Upscaling with the Ultra sharp model after an initial two times upscale results in a high-quality, detailed image.

The quality of the upscaled image using the Ultra sharp model is identical to the high-res upscaled model, but rendered faster.

Compared to a standard four times upscale, the Ultra sharp model provides significantly better quality and detail.

The Ultra sharp model is superior to the ESRGAN model, offering more coherence, better fitting details, and sharper smaller elements.

The Ultra sharp model adds texture and finer details, especially at the ends of hair, enhancing the realism of the upscaled image.

Sampling methods such as Euler and DPM++ 2m Keras can be experimented with for different results, with DPM++ 2m Keras providing a slightly sharper result.

Using a lower denoise strength value like 0.25 with image-to-image upscaling can help maintain the original image's features while adding new details.

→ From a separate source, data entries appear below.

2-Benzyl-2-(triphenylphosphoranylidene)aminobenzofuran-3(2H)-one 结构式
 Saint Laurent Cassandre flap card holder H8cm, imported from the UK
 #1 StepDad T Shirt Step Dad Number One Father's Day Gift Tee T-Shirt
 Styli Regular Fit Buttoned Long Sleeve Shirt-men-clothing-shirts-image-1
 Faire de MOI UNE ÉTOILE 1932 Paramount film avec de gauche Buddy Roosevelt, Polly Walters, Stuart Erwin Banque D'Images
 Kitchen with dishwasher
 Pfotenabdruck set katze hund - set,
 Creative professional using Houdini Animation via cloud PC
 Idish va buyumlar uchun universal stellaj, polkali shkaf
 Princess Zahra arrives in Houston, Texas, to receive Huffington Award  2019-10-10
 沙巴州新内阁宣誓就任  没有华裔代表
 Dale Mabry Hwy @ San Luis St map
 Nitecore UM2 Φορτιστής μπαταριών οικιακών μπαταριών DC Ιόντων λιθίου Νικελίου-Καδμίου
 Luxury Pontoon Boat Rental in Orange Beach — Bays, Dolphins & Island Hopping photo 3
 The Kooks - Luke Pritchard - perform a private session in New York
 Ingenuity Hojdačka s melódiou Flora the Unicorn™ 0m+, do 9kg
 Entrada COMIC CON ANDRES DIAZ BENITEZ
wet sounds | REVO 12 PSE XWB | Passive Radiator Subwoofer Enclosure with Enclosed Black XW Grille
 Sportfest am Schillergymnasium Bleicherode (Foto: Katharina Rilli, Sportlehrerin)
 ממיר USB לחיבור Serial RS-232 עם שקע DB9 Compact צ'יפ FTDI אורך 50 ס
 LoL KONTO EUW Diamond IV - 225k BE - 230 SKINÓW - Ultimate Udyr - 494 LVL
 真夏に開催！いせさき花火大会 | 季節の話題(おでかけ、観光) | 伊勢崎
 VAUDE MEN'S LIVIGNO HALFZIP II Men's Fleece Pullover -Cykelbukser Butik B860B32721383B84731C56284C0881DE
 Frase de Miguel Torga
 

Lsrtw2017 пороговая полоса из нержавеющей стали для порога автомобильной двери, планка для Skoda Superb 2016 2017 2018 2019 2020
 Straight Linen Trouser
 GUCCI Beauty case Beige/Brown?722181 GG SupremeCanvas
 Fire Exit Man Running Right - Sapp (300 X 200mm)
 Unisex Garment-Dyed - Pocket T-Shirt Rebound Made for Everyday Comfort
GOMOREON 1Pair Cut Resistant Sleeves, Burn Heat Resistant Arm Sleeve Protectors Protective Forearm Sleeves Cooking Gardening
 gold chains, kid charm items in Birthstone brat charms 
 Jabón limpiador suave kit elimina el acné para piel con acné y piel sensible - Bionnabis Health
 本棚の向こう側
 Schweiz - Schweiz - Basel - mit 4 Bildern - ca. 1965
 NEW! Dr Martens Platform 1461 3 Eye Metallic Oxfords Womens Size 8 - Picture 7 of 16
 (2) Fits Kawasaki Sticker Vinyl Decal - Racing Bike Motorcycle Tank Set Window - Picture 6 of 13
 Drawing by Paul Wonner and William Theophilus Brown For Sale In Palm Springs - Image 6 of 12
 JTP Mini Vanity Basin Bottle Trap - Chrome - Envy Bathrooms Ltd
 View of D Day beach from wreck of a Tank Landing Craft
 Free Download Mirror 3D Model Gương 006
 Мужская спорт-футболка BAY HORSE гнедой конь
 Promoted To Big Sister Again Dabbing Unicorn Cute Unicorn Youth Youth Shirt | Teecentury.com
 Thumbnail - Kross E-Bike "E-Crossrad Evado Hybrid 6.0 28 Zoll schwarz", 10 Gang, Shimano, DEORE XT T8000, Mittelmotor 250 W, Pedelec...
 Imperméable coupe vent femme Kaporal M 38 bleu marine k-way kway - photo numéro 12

The Ultra sharp model is more consistent in bringing out finer details and providing a sharper, more detailed upscaled image.

When upscaling clothing details, the Ultra sharp model maintains texture and sharpness across the entire area, unlike the ESRGAN model which can be blurry.

The video provides a side-by-side comparison of different upscaling methods, showcasing the superior quality and detail of the Ultra sharp model.